Comme dans la vie – et dans les procédures judiciaires – il arrive souvent que les intervenants en disent trop ou pas assez. Un mot, une explication, est lâché de trop et c’est toute la crédibilité de l’argumentaire qui est mise à néant. Voilà exactement ce que viennent de nous offrir les autorités genevoises en ce jour de conférences de presse.
Parce qu’à la lecture des événements que font les uns et les autres il y a quelque chose qui ne va pas. Il y a des contradictions majeures qui devraient être rapidement expliquées si l’on veut prétendre à une garantie crédible du scrutin du 19 mai.
Comment le procureur général peut-il affirmer qu’il n’a pas découvert d’indices de fraude en l’état de l’enquête et puis dire ensuite, je cite, que des caisses entières d’enveloppes de vote ont peut-être été jetées ? Ici, il en dit trop ou pas assez.
Voici l’extrait de la conférence de presse du 13 mai 2019 du Procureur général du Canton de Genève, Mr Olivier Jornot :
Journaliste : Vous avez dit qu’à ce stade vous n’avez aucun élément pour dire qu’il y aurait eu des votations affectées par une fraude. Mais est-ce que vous avez des éléments pour dire qu’il y aurait eu des votations affectées, pas forcément par une fraude, mais par de la mauvaise gestion, ou justement ces bulletins qui se retrouvent à la poubelle on ne sait pas trop comment, et y compris pour cette votation-là ?
Procureur : Alors précisément, c’est peut-être plus dans ce sens-là que je distinguais la tâche d’enquête pénale de la tâche d’audit, en ce sens que personnellement je ne vais pas vérifier si les processus sont suffisamment bien construits pour éviter, par exemple, que l’on jette des caisses entières de bulletins (de, de matériel de vote) d’enveloppes pleines que l’on croyait vides -- ce genre de situation ne relève pas du droit pénal, et donc je ne vais pas investiguer là-dessus.

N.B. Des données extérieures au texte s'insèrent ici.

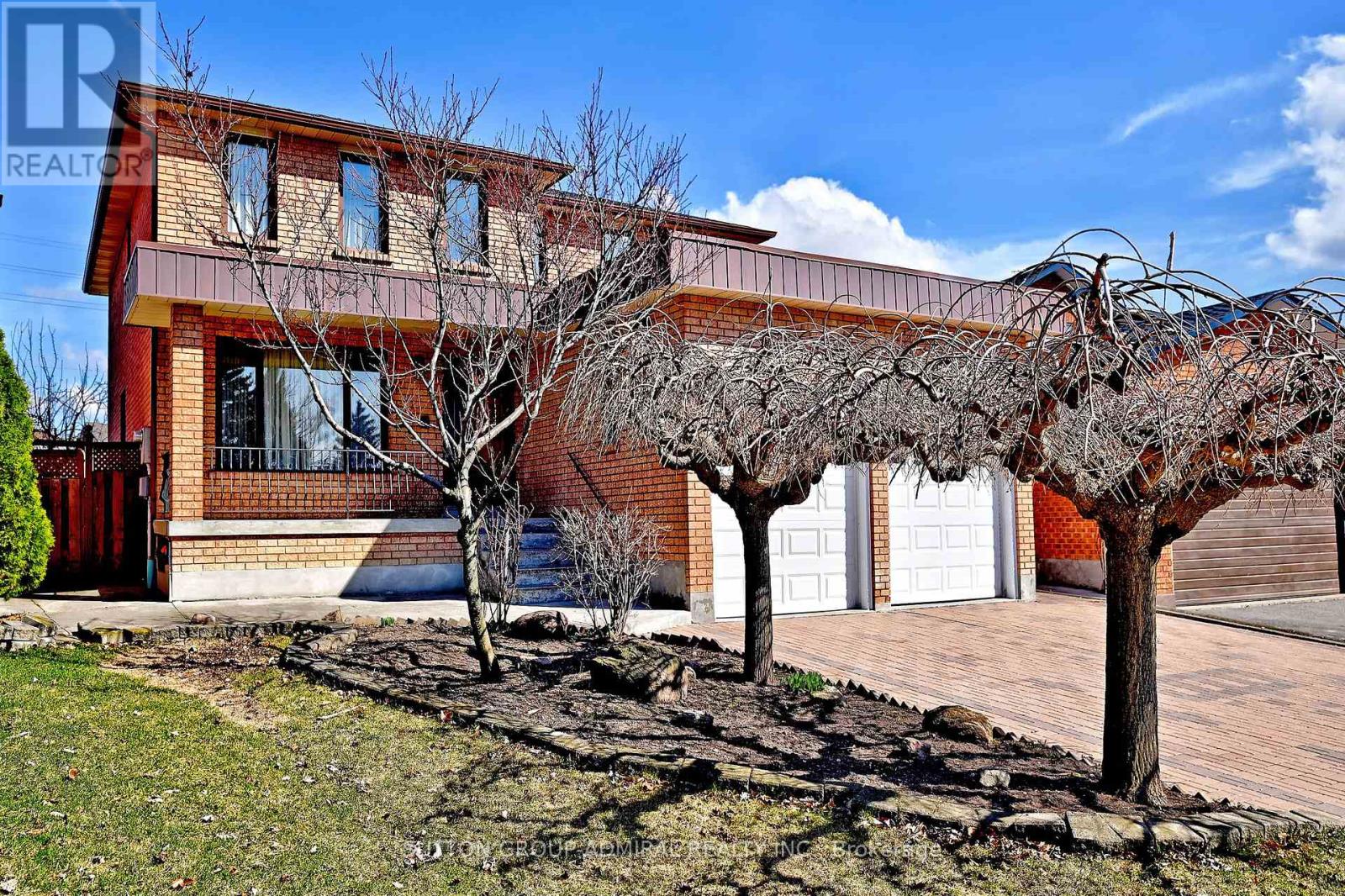 45 ROYAL GARDEN BOULEVARD, Vaughan, Ontario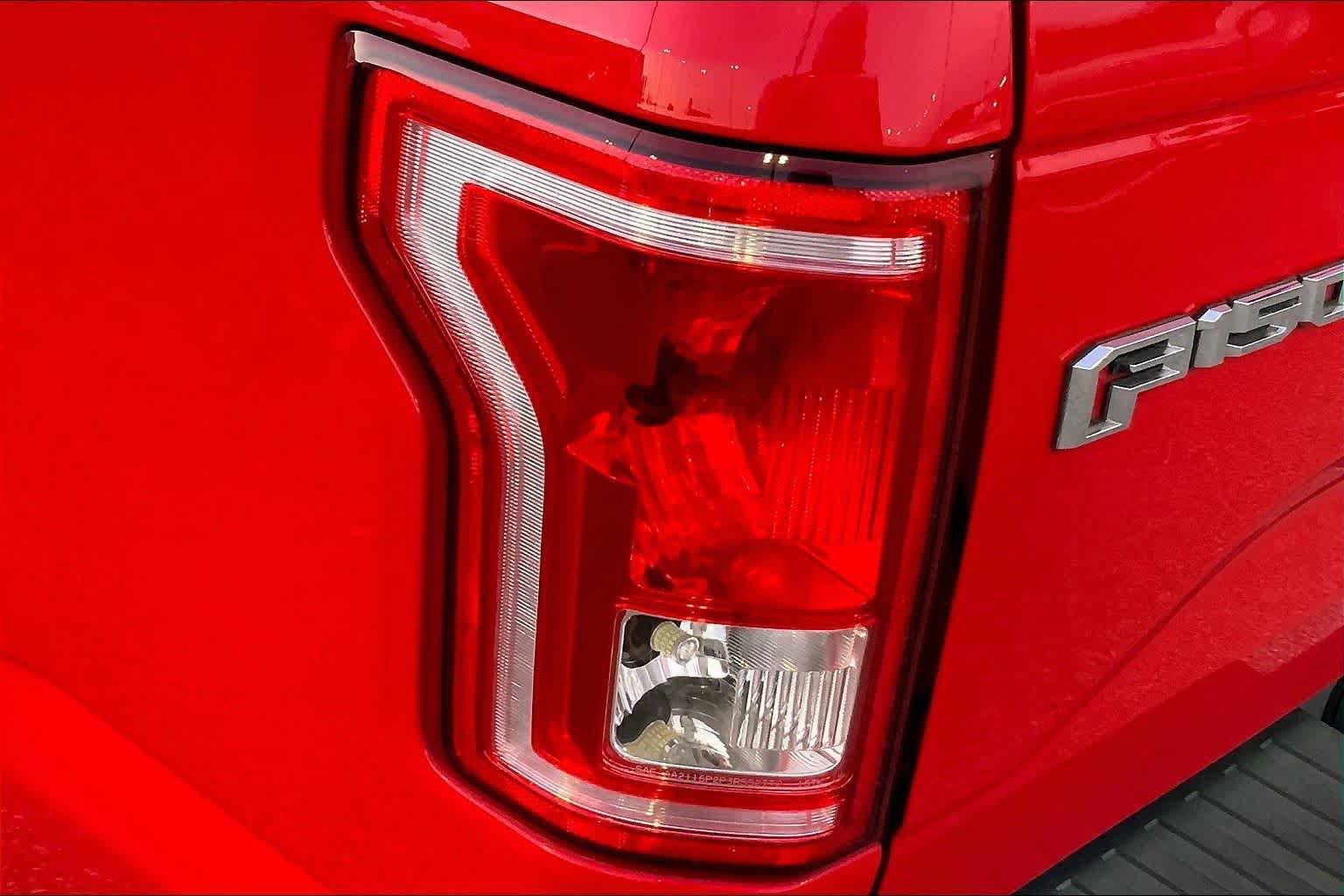 Used 2015 Ford F150 XLT w/ Equipment Group 302A Luxury RWD image 24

II se trouve que, me dit-on, cela a pu se produire, respectivement que des collaborateurs ont tiré les signaux d’alarmes en disant attention, notre processus ne garantit pas, à la sortie, que les matériels de vote, que les enveloppes jetées soient vides, l’un de ceux qui a tiré le signal d’alarme à ce sujet c’est le prévenu.
Le procureur dit ainsi qu’il a pu se produire que des caisses entières d’enveloppes de vote aient été jetées. Et le conseil d’Etat de conclure : vous voyez il n’y a rien à voir, rien de pénal, tout va bien…
Mais de qui se moque-t-on ?
Toute personne qui recourt à la justice sait que pour clamer la vérité il faut des preuves, faute de quoi le juge n’entrera même pas en matière. Le procureur du canton de Genève le sait mieux que personne, et c’est pourquoi l’on peut comprendre qu’il dit ici deux choses : la première c’est qu’il n’a pas pu réunir à ce stade de preuves au sens judiciaire du terme (ce qui par ailleurs n’exclut pas que des fraudes aient eu lieu, une chose peut avoir eu lieu sans qu’on puisse judiciairement le prouver), la seconde est qu’il a pu constater qu’il était possible que des caisses entières d’enveloppes de vote aient pu être jetées, et c’est cela qui est le véritable scandale.
Que des caisses d’enveloppes de vote pleines aient tout simplement pu être jetées. Et l’on pense alors inévitablement à ces près de 9'000 voix manquantes aux souverainistes à Genève lors des élections de 2018 [1].
On peut faire confiance à certains hommes et femmes politiques de notre pays, et à leur entourage, pour savoir comment agir en se faufilant dans les zones grises du droit sans se faire attraper.
Si l’on comprend bien, la procédure de dépouillement des votes était faite de telle manière que l’on pouvait confondre des caisses d’enveloppes pleines avec des caisses d’enveloppes vides ? Que l’on pouvait jeter l’une pour l’autre ? Sans blagues ? Comme c’est facile. Vous nous en direz tant.
Oh ce n’est pas nous, on n’a pas fait exprès. C’était juste de la négligence, la procédure était pas bien faite, et ce n’est pas pénal après tout… Non ? J’ai juste jeté la caisse d’enveloppes pleines en croyant que c’étaient des vides.
Mesdames et Messieurs du Conseil d’Etat du canton de Genève, Mesdames et Messieurs les éminents politiciens de ces partis qui se reconnaîtront, le scrutin sera garanti le jour où vous cesserez de prendre les gens pour des idiots.
Tant que toute la lumière ne sera pas faite sur cette affaire des caisses d’enveloppes vides-pleines que l’on jette, tant que toutes les conséquences n’en auront pas été tirées, il n’y aura pas de garantie du scrutin.